Pigmentacja cieni jest bardzo dobra, zwykle wystarczy jedna warstwa cienia, aby uzyskać pożądany, intensywny kolor. Schody zaczynają się kiedy chcemy cienia dołożyć, ponieważ kolejne warstwy absolutnie się do siebie nie kleją i potrafią powstawać brzydkie plamy. Dlatego budowanie intensywności przez dokładanie kolejnych warstw jest tu niemożliwe. Zawsze tak samo przygotowuję powiekę, dlatego zagadką jest dla mnie to, dlaczego te cienie raz dobrze przyklejają się do powieki, a innym razem tworzą się dziury. Jednak kiedy już taka dziura powstanie, cienie z palety Kobo Kond of Magic są zbyt suche, aby "dokleić" je w tym miejscu i taką dziurę załatać.

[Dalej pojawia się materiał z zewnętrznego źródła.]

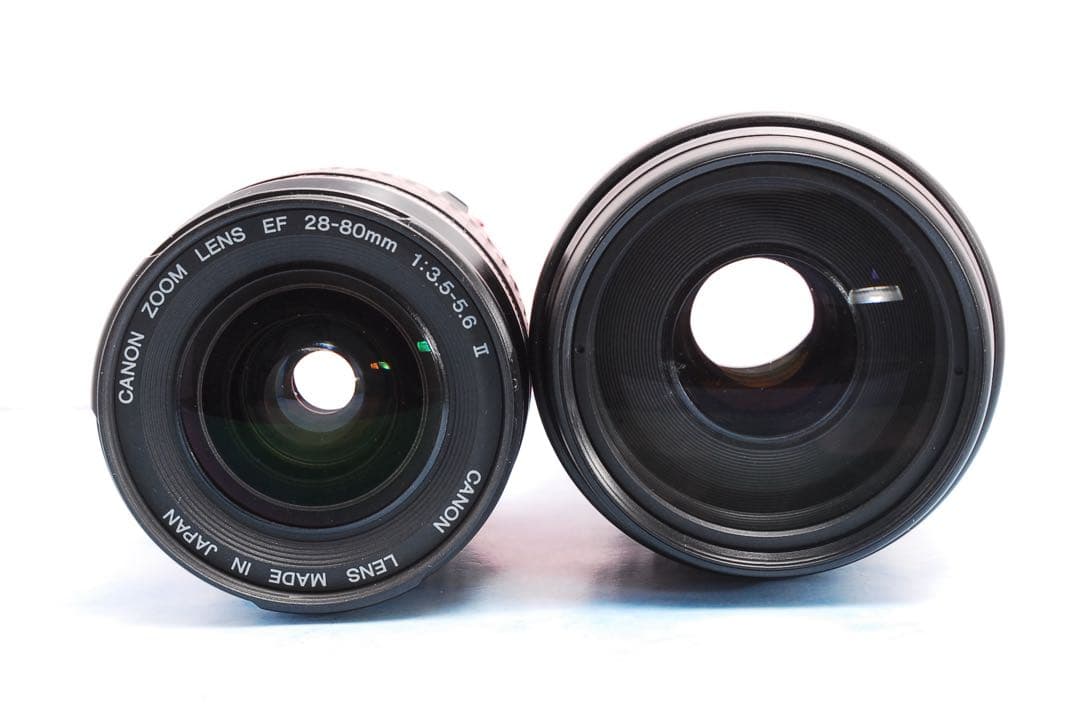 キヤノン Kiss X4★一眼レフカメラ★Wレンズ★S数僅か100回！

Z tego powodu ciężko jest mi polecić Wam lub odrazić kupienie tej palety. Praca z nią jest specyficzna i mimo, że polubiłam jej pigmentację, a wybór kolorów jest ogromny, to wszystko zależy od tego jak się malujecie i czy u Was ta paleta też będzie robić tak niemiłe niespodzianki. Dopóki nie zdarzy się żadna plama na powiece, blendowanie tą paletą to bajka. Cienie rozcierają się jakby same, a przejścia między kolorami są niesamowicie płynne.

Kiedy już uda nam się stworzyć zadowalający makijaż, nie widzę żadnych problemów z trwałością tych cieni. W ciągu dnia nie zbierają się one w załamaniu powieki, nie osypują pod oko, ani nie rolują. Wyglądają aż do demakijażu tak samo, jak w momencie skończenia makijażu. Ich wykończenie jest całkowicie matowe, suche, nic na powiece nie połyskuje.

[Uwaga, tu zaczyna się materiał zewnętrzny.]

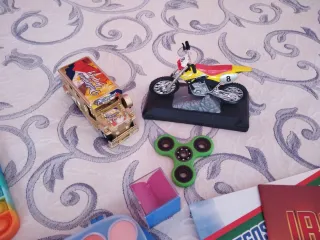 Lote Material Escolar y juguetes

KOLORYSTYKA KOBO KIND OF MAGIC


Paleta Kobo Kind of Magic to połączenie cieni w chłodnej i ciepłej tonacji, chociaż według mnie ta chłodna tu przeważa. Na pierwszy rzut oka paleta wydawała mi się bardzo chłodna, ale znalazło się tu kilka kolorów, które są zdecydowanie ciepłe i równoważą paletę.

W palecie znalazł się właściwie każdy kolor potrzebny do wykonania pełnego makijażu oka w macie. Mamy matowy, jasny beż pod łuk brwiowy, delikatne kolory przejściowe w chłodnych i cieplejszych brązach, ciemniejsze brązowe maty i oczywiście czerń. Niestety czerń w tej palecie zawodzi mnie najmocniej, liczyłam, że będzie o wiele lepiej napigmentowana. Minus dostaje ode mnie także ze "przyczepność". Czarnego cienia używamy najczęściej na końcu makijażu, malujemy nim kreskę albo przyciemniamy zewnętrzny kącik, często nakładając ją na inne cienie, niestety ta wcale nie "lepi się" do innych cieni, przez co albo zdecydowanie traci na intensywności albo w ogóle zanika.







CZY WARTO KUPIĆ KOBO KIND OF MAGIC? 


Podsumowując. Paleta nie jest zła. Można nią zrobić makijaż, który nawet całkiem dobrze się prezentuje, ale nie wszystko co wymyślicie z nią się uda. Czasami cienie kompletnie nie chcą współpracować i wiem, że w bardziej skomplikowanym makijażu mogą zepsuć efekt końcowy. Jednak do codziennego makijażu jest ok. Cienie tworzą ładne przejścia i pięknie się blendują. Jeśli nie będziecie dokładać cienia, chcąc budować intensywność, to makijaż będzie wyglądał ok.

Paleta mnie nie zachwyciła, ale aktualnie testuję z Kobo coś EKSTRA. Coś, co po prostu musicie mieć. Niedługo na pewno pokażę Wam to na blogu, a póki co piszcie co myślicie o tej palecie. Malujecie się na co dzień w matach? 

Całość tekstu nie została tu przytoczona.